The full paper and the posters are available at:

Poster - "Water Demand Management: A strategic climatic change adaptive strategy in water-scarce MENA?”

Poster - "Greywater Use in MENA:A water scarcity issue or a poverty alleviation strategy?"

Paper - "Gestion de la demande en Eau au Moyen Orient et en Afrique du Nord: Enjeux et perspectives"


Synthesis of the key elements extracted by IDRC from around 40 presentations at the Congress:

• The keynote presentation in Montpelier stressed the role of power relations in water and the political economy leading work we recently embarked on

• The General secretary of OECD, the president of IWRA and the winner of the Stockholm prize (Prof A. Allan, author of the Virtual Water) all emphasized the strategic role of Water demand in the future and underscored the importance of power relations as a bottleneck to its implementation. He also highlighted that Food crisis and energy crisis have both strong implications on water outlook in DC.

• A large number of presentations (perhaps 50%) related to changing water budgets and availability associated with climate change.
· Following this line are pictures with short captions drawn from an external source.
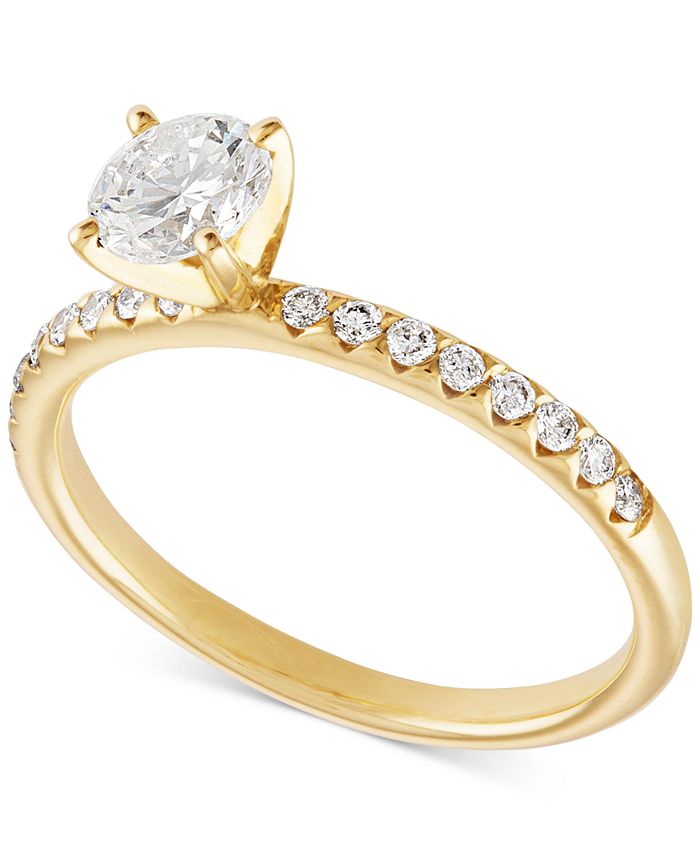 Macy's Diamond Engagement Ring (3/4 ct. t.w.) in 14k Gold - Macy's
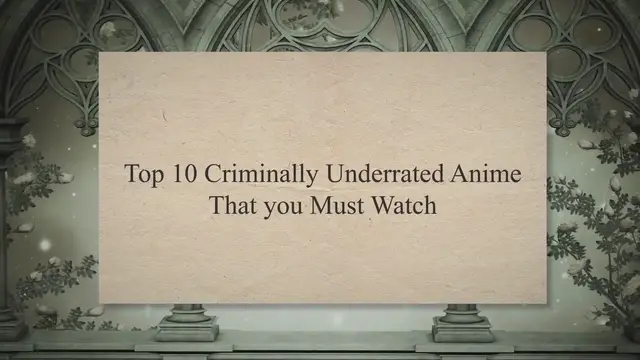 'Video thumbnail for Top 10 Criminally Underrated Anime That you Must Watch'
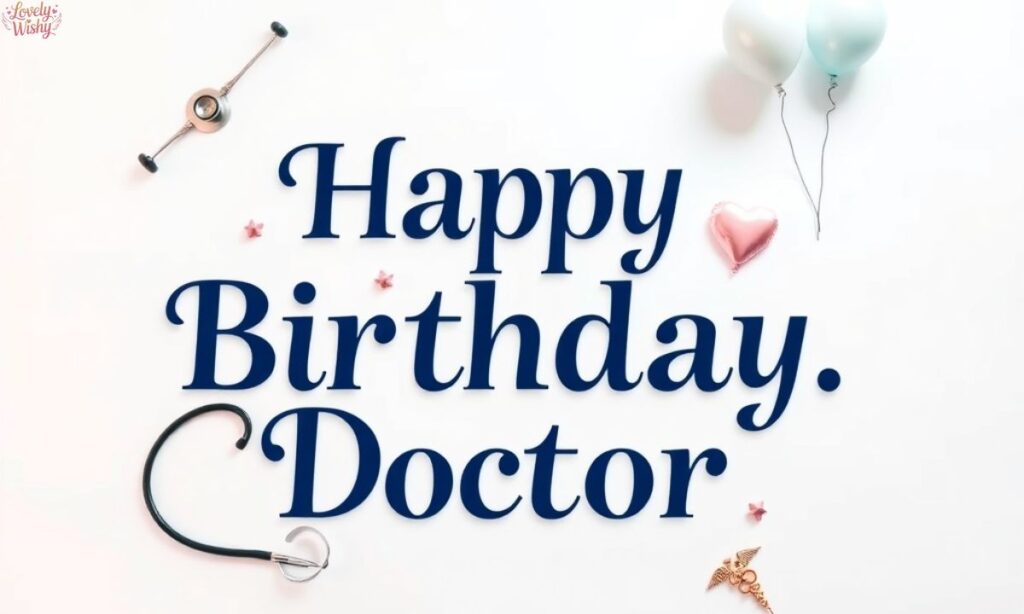 Professional Happy Birthday, Doctor Wishes
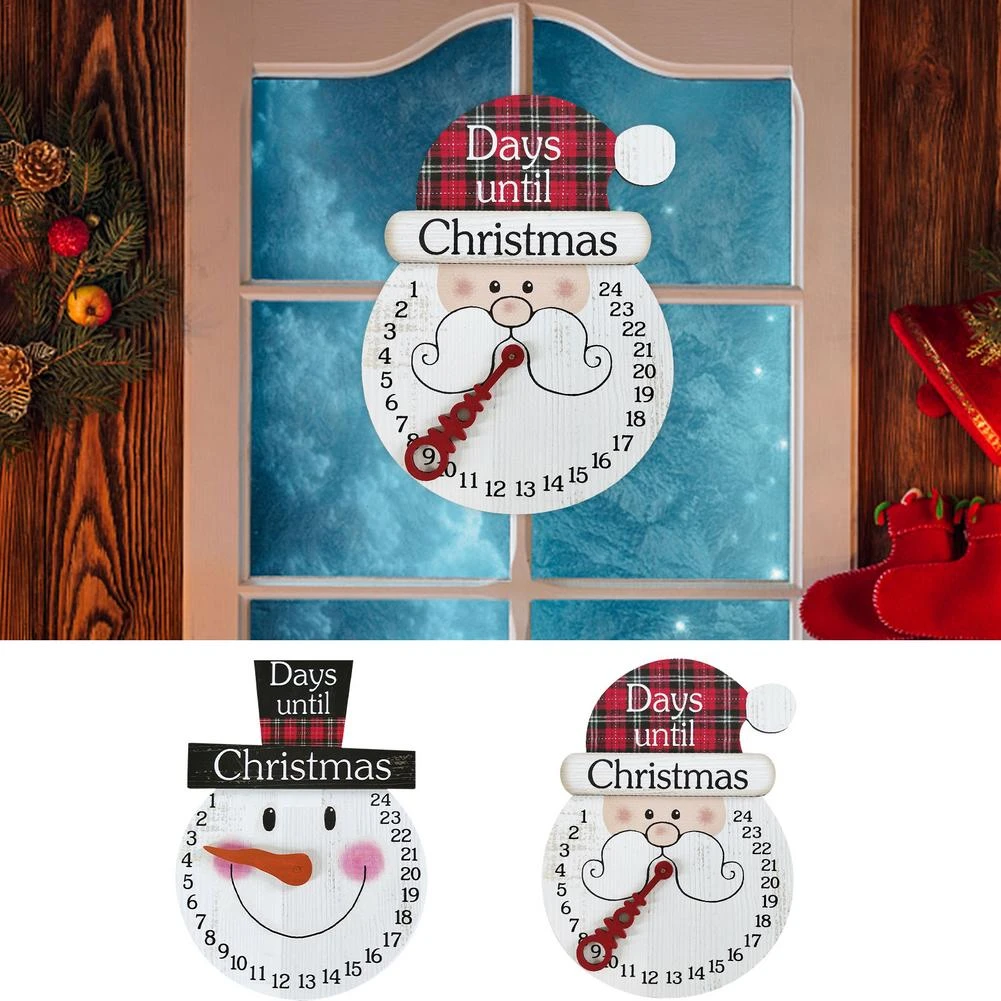 Christmas Cookie Countdown 2022 2022 Happy New Year Wood Christmas Tree Ornament Innovative Diy Wooden  Countdown Calendar Home Decoration Santa Claus Snowman|Advent Calendars| -  Aliexpress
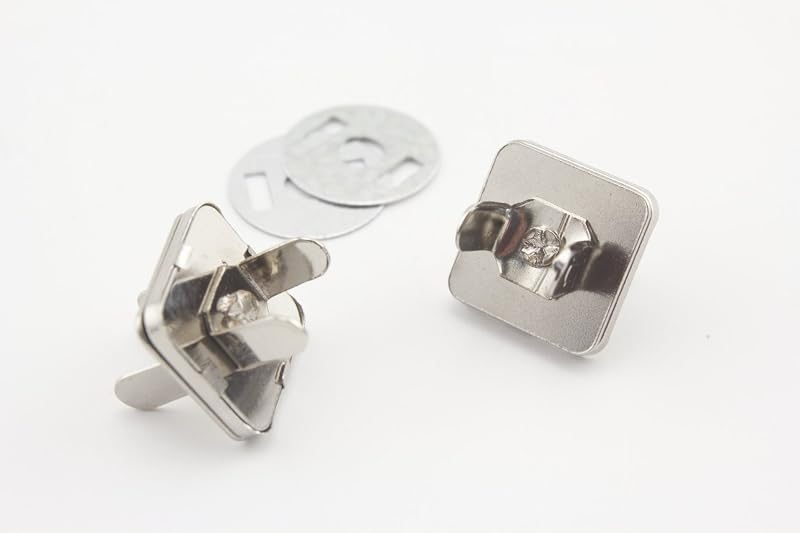 Square Shape Magnetic Snaps Bag Button Purse Leather Closures for Sewing Purse Bag Clutch Wallet
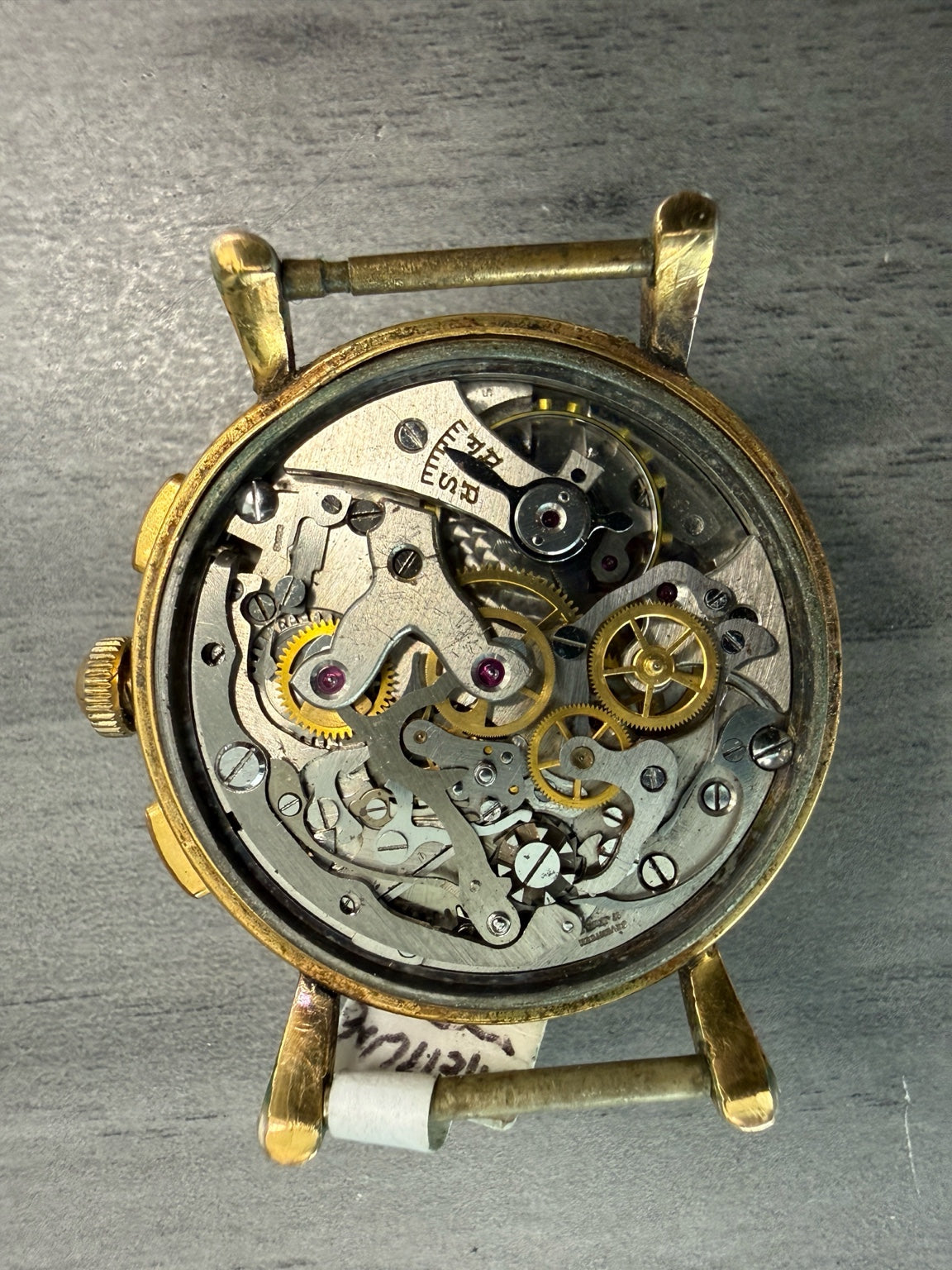 Breitling Premier Chronograph Diamond Dial 36mm Gold Filled Men's Vintage Watch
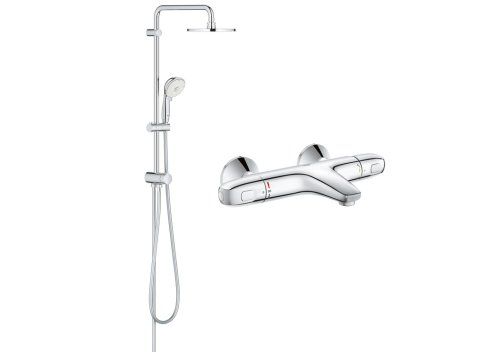 Душова система Grohe New Tempesta Rustic System 200 з термостатичним змішувачем Grohtherm 1000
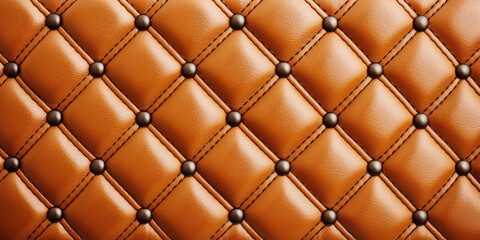 Texture of luxurious brown leather like that of a Chesterfield couch.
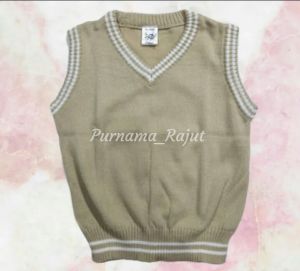 Rompi rajut korean style pria wanita vest Sekolah tk sd smp sma warna hitam navy dongker maroon merah coksu cream biru denim abu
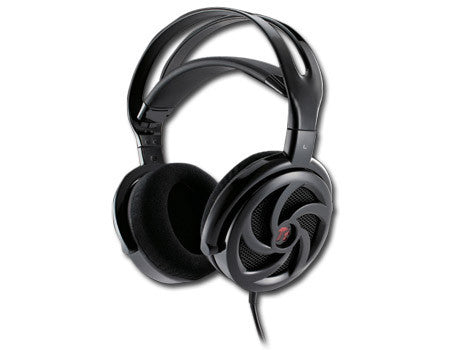 Thermaltake eSports Shock Spin Series Headset - 3.5mm, 50mm Neodymium Speaker, Oversized with Bass Enhancement, Ergonomic Cushion, Mic - Black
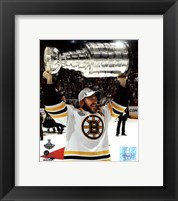 Framed Mark Recchi with the Stanley Cup  Game 7 of the 2011 NHL Stanley Cup Finals(#51)
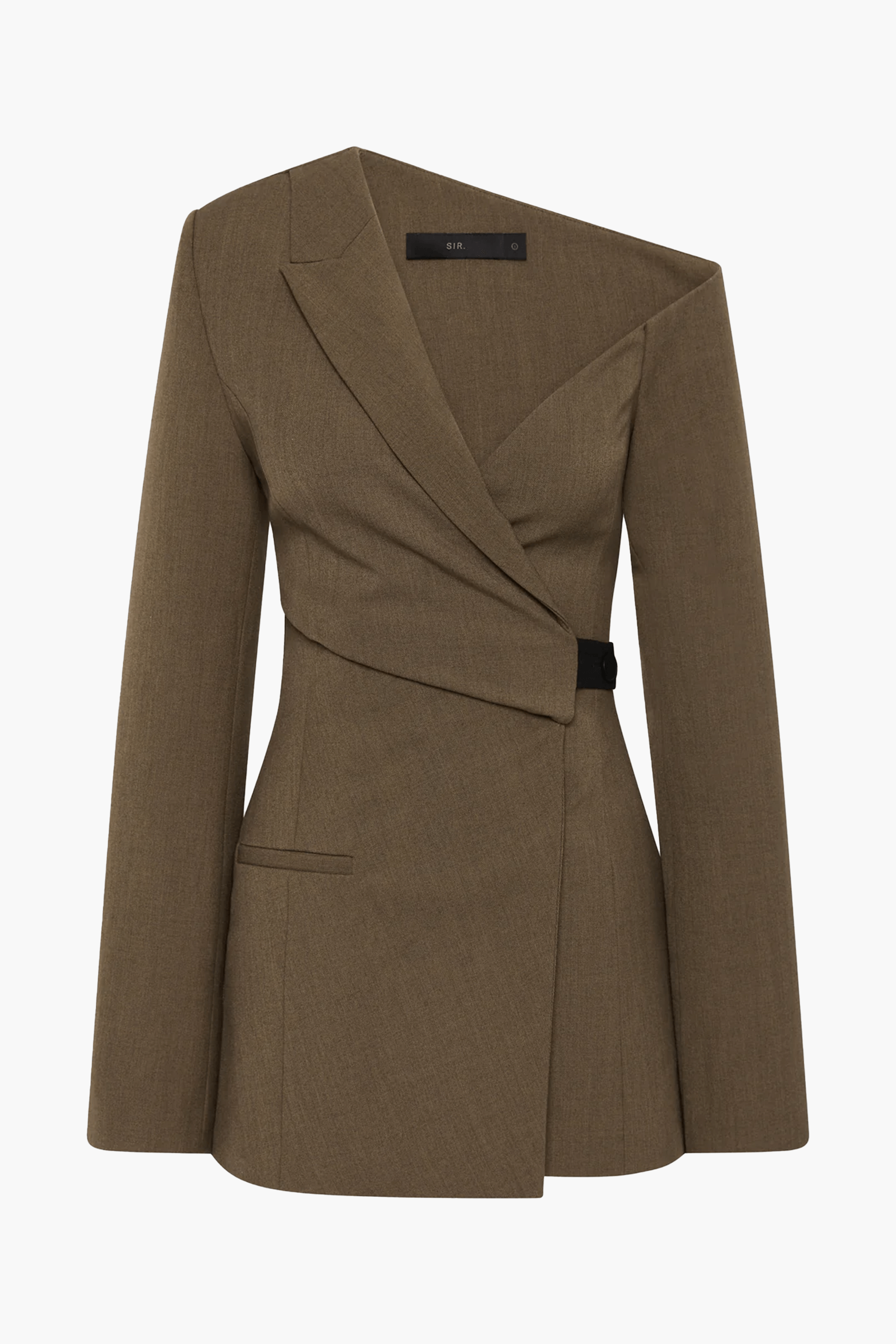 SIR SARTORIA MINI DRESS IN CHOCOLATE MARLE | THE NEW TREND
Adaptation was a present and large thematic element in the event. An important conclusion coming from this work is saline intrusion associated with depleted groundwater resources. Most of the work was bio-physical science and less was presented on social/livelihood adaptation although it was present.

• A presentation on Water Soft Water Paths an extension of water demand management principles including the notion that forecasting should be replaced by “backcasting”; an idea that setting a target and figuring out scenarios and models and predicting efficiency improvements that may help meet that target. This is work that is being pioneered by David Brooks and Peter Kay (U of Waterloo).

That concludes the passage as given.